Dataset content
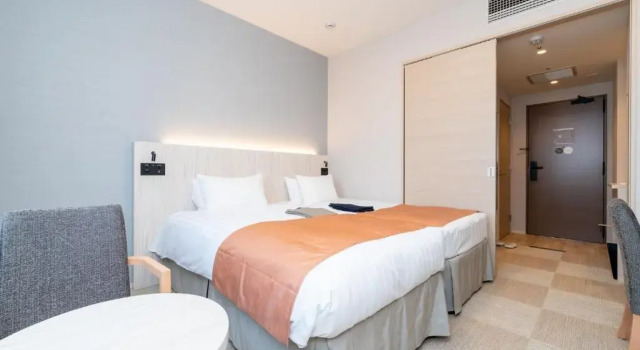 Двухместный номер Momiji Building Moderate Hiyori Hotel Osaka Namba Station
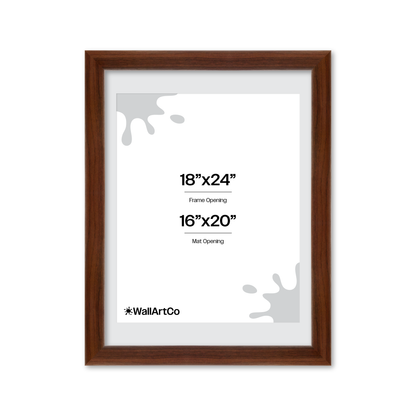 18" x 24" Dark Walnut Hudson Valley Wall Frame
==
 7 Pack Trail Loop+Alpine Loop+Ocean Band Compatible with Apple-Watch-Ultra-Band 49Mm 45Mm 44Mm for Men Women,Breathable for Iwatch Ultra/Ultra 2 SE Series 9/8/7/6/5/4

Problem to solve
Copy nothing but the lines above from the one with "Двухместный номер Momiji" to the one with "Valley Wall Frame", inclusive, word for word. Leave every picture out.

Completed task
 Двухместный номер Momiji Building Moderate Hiyori Hotel Osaka Namba Station
 18" x 24" Dark Walnut Hudson Valley Wall Frame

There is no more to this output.